I can’t count myself as one of them, nor do I have profound knowledge of the game, but a crash course has taught me that the Antipodean teams often win, while the English team has a tougher time. Indeed, Sunday marked a crushing defeat for England against the Aussies in what media are calling a “bloodbath.”

But in the currency markets – a world more familiar to me than cricket – the tables are turned.

Sterling seems to have hit a 6, thanks to Bank of England Governor Mark Carney’s warnings about a rate hike “moving closer.”

Meanwhile, the Australian dollar (AUD), weighed down by commodity price weakness, is languishing at 6-year lows and the New Zealand dollar (NZD) is getting out for the golden duck (OK, enough with the cricket idioms now), having fallen some 17 percent against the U.S. dollar in 2015, not helped by the increasingly hawkish Federal Reserve.

At the start of 2014, economists at HSBC called New Zealand’s economy the “rock star” of 2014. It was expected to outperform most other G-10 countries as a result of construction spending, the country’s booming housing market and — maybe most importantly — rising dairy prices supported by strong demand from China. New Zealand is the world’s biggest dairy exporter, accounting for a third of the world’s trade.
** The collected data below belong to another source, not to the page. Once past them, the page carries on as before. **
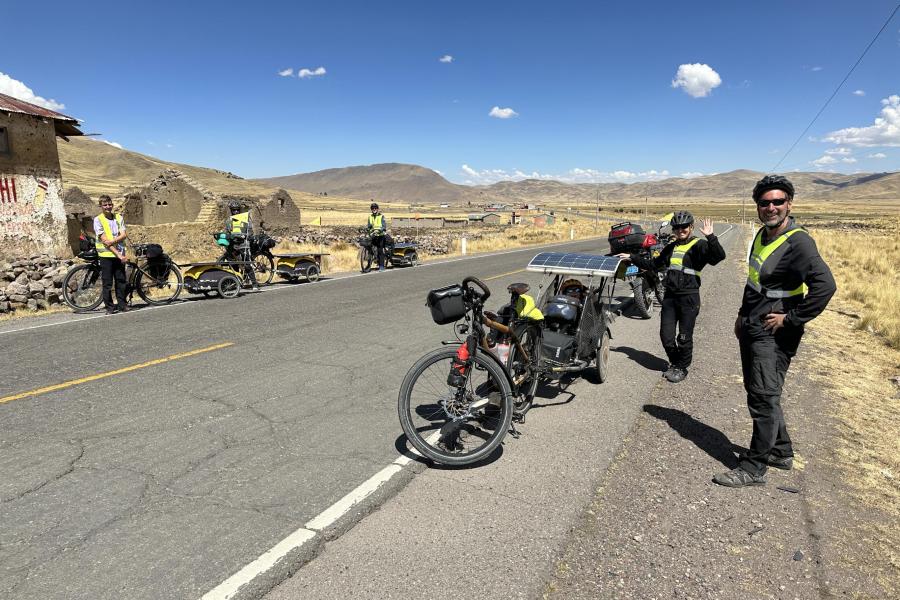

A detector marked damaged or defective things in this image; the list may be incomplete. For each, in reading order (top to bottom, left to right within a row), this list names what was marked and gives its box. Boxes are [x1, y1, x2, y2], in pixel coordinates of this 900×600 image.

rusty corrugated metal roof [0, 92, 84, 138]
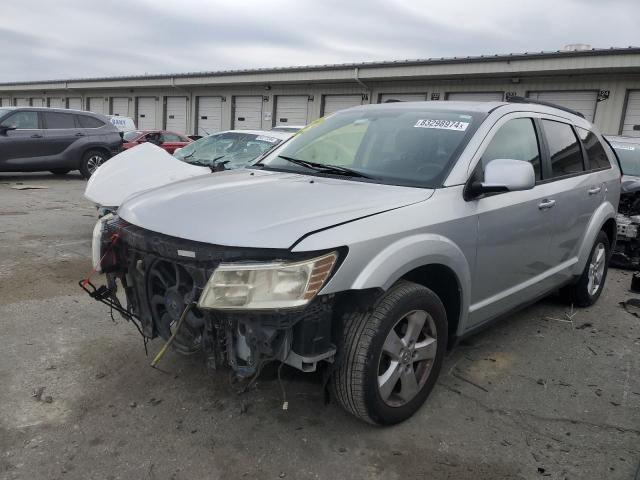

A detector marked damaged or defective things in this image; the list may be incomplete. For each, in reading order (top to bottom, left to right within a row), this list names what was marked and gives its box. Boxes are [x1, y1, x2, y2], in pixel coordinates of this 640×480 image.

crushed front end [89, 217, 344, 378]
cracked headlight [199, 253, 340, 310]
damaged silver suv [86, 97, 620, 424]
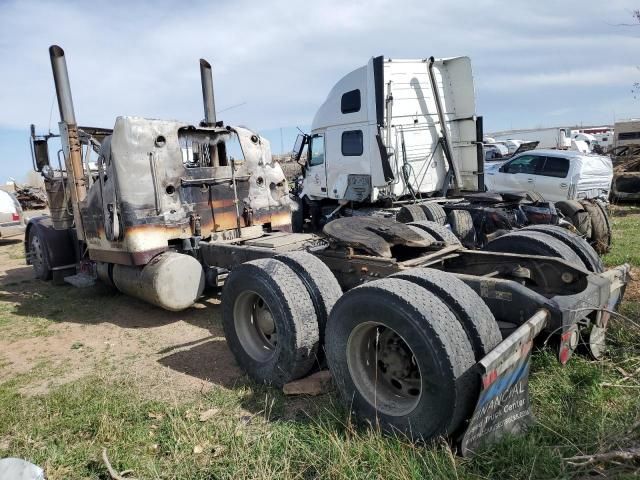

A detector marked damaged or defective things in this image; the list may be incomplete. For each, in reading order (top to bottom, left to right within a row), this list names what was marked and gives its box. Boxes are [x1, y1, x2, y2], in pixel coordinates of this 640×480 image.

burned semi truck [27, 46, 628, 454]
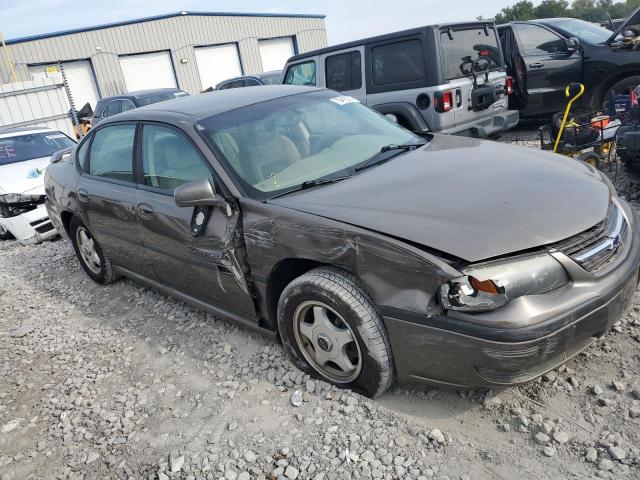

Even if you are no economist, you will have heard that the once-insatiable Chinese demand has since slowed. Dairy prices have gone bad. The price of skimmed milk powder has slumped by almost 50 percent over the last 12 months, according to Global Daily Trade. While the Reserve Bank of New Zealand (RBNZ) was the first G-10 central bank to hike rates after the crisis in 2014, it has now dramatically reversed course.